All eligible foster youths are now eligible to participate in the AB 12 Extended Foster Care Program from their eighteenth birthday through their twenty-first birthday. Eligibility is determined by at least one of the following, as per federal requirements:
- Completion of high school or obtaining a GED
- Enrollment in a university, community college, or vocational education program at least part-time
- Participation in a job readiness training program
- Work at least 80 hours per month (20 hours per week)
- Inability to do any of the above due to a medical or mental disability
Those who participate in the AB12 program are considered non-minor dependents of the county in which they were placed in foster care. Foster youths can rejoin the program up to age 21 if they choose to leave earlier.
The AB12 program allows for two additional supervised independent living placements for non-minor dependents. Transitional Housing Placement Plus Foster Care (THP – Plus – FC) provides housing and services to promote independence, such as case management, assistance with transportation and job readiness training. Housing options in this type of placement include group homes and foster homes.
The second type of housing placement is the Supervised Independent Living Placement (SILP) and is the most popular with foster youth as it allows for greater independence. SILP placements can include apartments, rooms for rent in a house, university dormitories and single room hotels. These placements must be evaluated and approved by the county, except for university residence halls.
Challenges in the Implementation of AB12
If a non-minor dependent is placed out of state, sending and receiving agencies must go through a ten-step process in accordance with the Interstate Covenant on the Placement of Children. Even if a non-minor dependent is living in an out-of-state SILP placement, case managers are required to make monthly face-to-face visits with each juvenile. In addition, case managers are required to visit juveniles placed in another California county, and cases are not transferred from one county to another.

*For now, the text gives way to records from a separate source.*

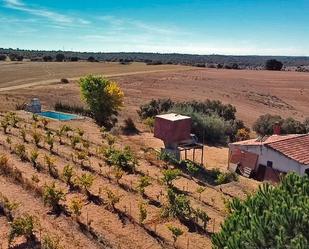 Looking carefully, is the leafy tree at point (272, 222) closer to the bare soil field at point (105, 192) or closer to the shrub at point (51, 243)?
the bare soil field at point (105, 192)

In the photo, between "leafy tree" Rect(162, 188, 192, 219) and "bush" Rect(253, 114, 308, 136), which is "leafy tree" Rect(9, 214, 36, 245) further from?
"bush" Rect(253, 114, 308, 136)

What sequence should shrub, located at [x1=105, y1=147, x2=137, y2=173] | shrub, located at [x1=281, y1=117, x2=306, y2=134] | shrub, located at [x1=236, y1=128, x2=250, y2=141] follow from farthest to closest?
shrub, located at [x1=281, y1=117, x2=306, y2=134], shrub, located at [x1=236, y1=128, x2=250, y2=141], shrub, located at [x1=105, y1=147, x2=137, y2=173]

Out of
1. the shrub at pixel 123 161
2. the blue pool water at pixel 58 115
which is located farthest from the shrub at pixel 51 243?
the blue pool water at pixel 58 115

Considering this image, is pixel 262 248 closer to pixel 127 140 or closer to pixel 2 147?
pixel 2 147

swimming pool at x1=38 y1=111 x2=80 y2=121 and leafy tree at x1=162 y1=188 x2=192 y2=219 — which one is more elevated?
leafy tree at x1=162 y1=188 x2=192 y2=219

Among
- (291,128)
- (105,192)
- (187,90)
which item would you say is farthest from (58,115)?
(187,90)

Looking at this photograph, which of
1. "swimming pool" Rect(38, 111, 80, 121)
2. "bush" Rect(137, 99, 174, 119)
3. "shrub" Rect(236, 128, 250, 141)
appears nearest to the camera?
"shrub" Rect(236, 128, 250, 141)

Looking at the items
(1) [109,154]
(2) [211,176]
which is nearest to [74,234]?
(1) [109,154]

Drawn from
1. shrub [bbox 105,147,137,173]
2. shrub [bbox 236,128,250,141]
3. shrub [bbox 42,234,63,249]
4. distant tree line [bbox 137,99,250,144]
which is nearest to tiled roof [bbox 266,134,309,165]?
shrub [bbox 105,147,137,173] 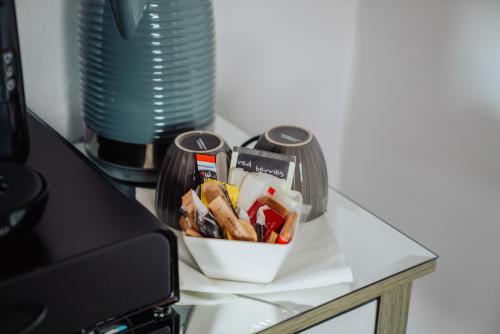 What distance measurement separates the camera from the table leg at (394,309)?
27.7 inches

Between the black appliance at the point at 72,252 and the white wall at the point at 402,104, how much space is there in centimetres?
38

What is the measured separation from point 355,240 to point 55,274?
386 millimetres

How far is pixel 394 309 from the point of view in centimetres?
73

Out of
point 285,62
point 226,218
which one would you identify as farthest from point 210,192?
point 285,62

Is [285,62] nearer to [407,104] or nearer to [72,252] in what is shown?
[407,104]

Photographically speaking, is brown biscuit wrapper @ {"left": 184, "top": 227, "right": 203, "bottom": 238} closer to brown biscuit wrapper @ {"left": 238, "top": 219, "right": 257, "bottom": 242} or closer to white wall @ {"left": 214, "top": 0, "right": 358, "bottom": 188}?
brown biscuit wrapper @ {"left": 238, "top": 219, "right": 257, "bottom": 242}

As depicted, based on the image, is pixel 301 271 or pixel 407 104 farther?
pixel 407 104

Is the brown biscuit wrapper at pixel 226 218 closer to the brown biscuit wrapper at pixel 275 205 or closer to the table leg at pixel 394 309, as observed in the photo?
the brown biscuit wrapper at pixel 275 205

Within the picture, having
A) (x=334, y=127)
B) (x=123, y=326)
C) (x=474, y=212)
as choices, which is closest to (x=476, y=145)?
(x=474, y=212)

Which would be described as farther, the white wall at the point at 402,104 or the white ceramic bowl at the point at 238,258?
the white wall at the point at 402,104

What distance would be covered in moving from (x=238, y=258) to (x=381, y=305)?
7.8 inches

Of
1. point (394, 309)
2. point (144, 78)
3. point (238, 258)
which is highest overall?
point (144, 78)

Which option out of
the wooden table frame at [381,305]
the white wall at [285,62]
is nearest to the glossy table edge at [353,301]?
the wooden table frame at [381,305]

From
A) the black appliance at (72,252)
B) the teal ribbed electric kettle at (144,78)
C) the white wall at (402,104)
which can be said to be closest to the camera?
the black appliance at (72,252) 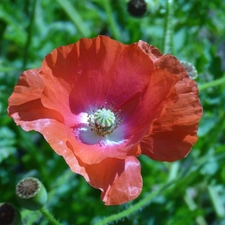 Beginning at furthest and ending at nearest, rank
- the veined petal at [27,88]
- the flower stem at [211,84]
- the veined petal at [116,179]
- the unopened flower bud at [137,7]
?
the unopened flower bud at [137,7] → the flower stem at [211,84] → the veined petal at [27,88] → the veined petal at [116,179]

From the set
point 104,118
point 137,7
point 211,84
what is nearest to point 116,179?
point 104,118

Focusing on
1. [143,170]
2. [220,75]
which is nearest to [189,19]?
[220,75]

Having to travel substantial distances every month adds substantial travel costs and further pressure on the substantial caseloads that social workers have. The recommended number of cases a worker should handle under the Child Welfare League of America (CWLA) has a maximum of 12-15 children, while some agencies already have workloads that can exceed 40 cases per worker.

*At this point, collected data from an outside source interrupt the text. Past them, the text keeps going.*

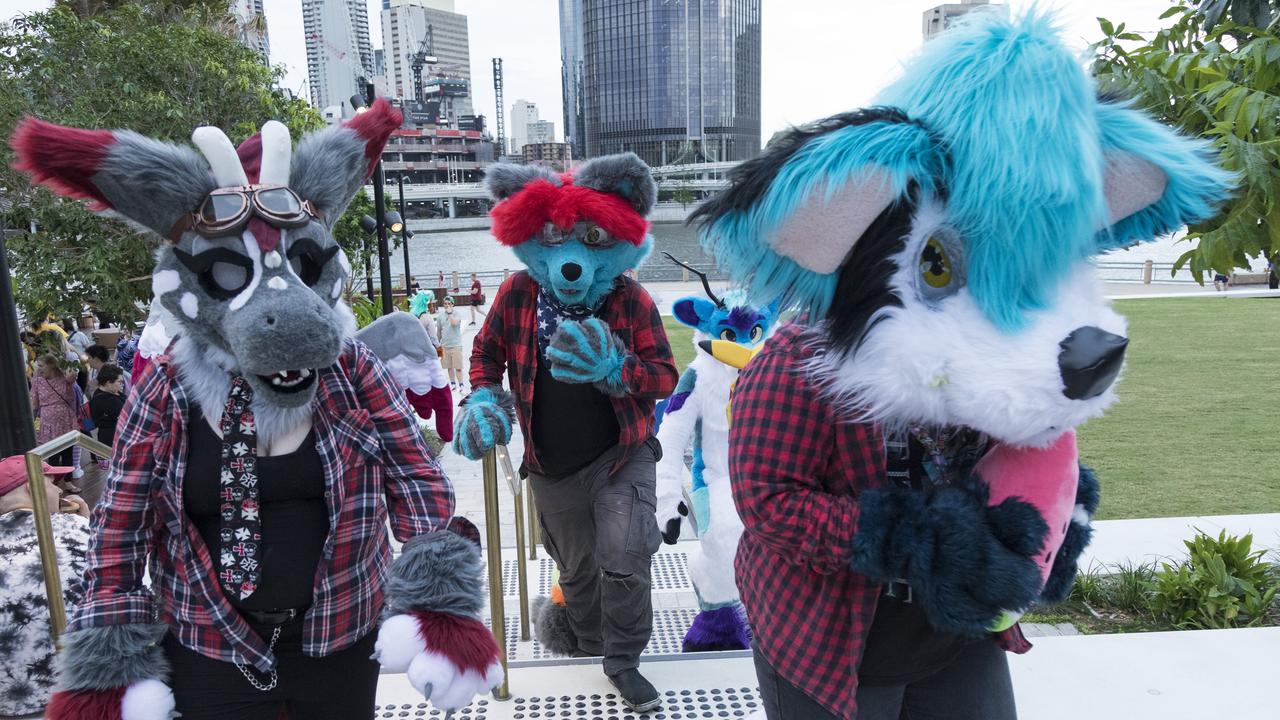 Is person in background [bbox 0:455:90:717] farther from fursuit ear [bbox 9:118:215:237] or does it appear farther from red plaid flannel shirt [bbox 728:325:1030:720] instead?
red plaid flannel shirt [bbox 728:325:1030:720]

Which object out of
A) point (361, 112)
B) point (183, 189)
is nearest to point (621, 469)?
point (361, 112)

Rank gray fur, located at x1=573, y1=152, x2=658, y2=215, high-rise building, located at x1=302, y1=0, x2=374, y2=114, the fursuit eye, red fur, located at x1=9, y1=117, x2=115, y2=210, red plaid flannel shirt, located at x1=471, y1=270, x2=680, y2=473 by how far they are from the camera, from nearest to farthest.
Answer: red fur, located at x1=9, y1=117, x2=115, y2=210, red plaid flannel shirt, located at x1=471, y1=270, x2=680, y2=473, the fursuit eye, gray fur, located at x1=573, y1=152, x2=658, y2=215, high-rise building, located at x1=302, y1=0, x2=374, y2=114

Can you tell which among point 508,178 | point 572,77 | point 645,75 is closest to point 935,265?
point 508,178

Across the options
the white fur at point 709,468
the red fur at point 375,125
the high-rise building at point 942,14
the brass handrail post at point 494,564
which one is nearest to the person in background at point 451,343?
the white fur at point 709,468

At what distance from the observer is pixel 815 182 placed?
1264mm

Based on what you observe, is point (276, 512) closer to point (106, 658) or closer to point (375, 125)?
point (106, 658)

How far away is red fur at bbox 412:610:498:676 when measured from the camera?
1.63 meters

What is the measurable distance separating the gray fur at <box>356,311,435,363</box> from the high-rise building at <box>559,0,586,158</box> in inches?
2723

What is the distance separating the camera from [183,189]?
5.43ft

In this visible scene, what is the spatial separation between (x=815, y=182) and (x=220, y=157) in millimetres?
1216

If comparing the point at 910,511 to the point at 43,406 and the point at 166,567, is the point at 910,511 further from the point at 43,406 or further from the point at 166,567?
the point at 43,406

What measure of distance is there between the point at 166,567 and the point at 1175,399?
11460 millimetres

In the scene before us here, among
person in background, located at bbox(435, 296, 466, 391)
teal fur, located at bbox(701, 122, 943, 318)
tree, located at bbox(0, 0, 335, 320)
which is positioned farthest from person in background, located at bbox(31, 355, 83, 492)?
teal fur, located at bbox(701, 122, 943, 318)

Notable organizations that were involved at various stages of statute drafting and revision and lobbying Congress included:
- Alliance for Children and Families
- American Academy of Pediatrics
- American Bar AssociationCenter on Children and Law
- Casey Family Programs
- Center for Law and Social Policy
- Child Welfare League of America
- Children’s Defense Fund
- Court-appointed special counsel
- National Conference of State Legislatures
- Voices for America’s Children
Future of legislation
Since its signing in 2008, states have been moving to implement the various changes to the law and different states are at different stages of implementation. A Fostering Connections Resource Center was also created to help disseminate information about the law.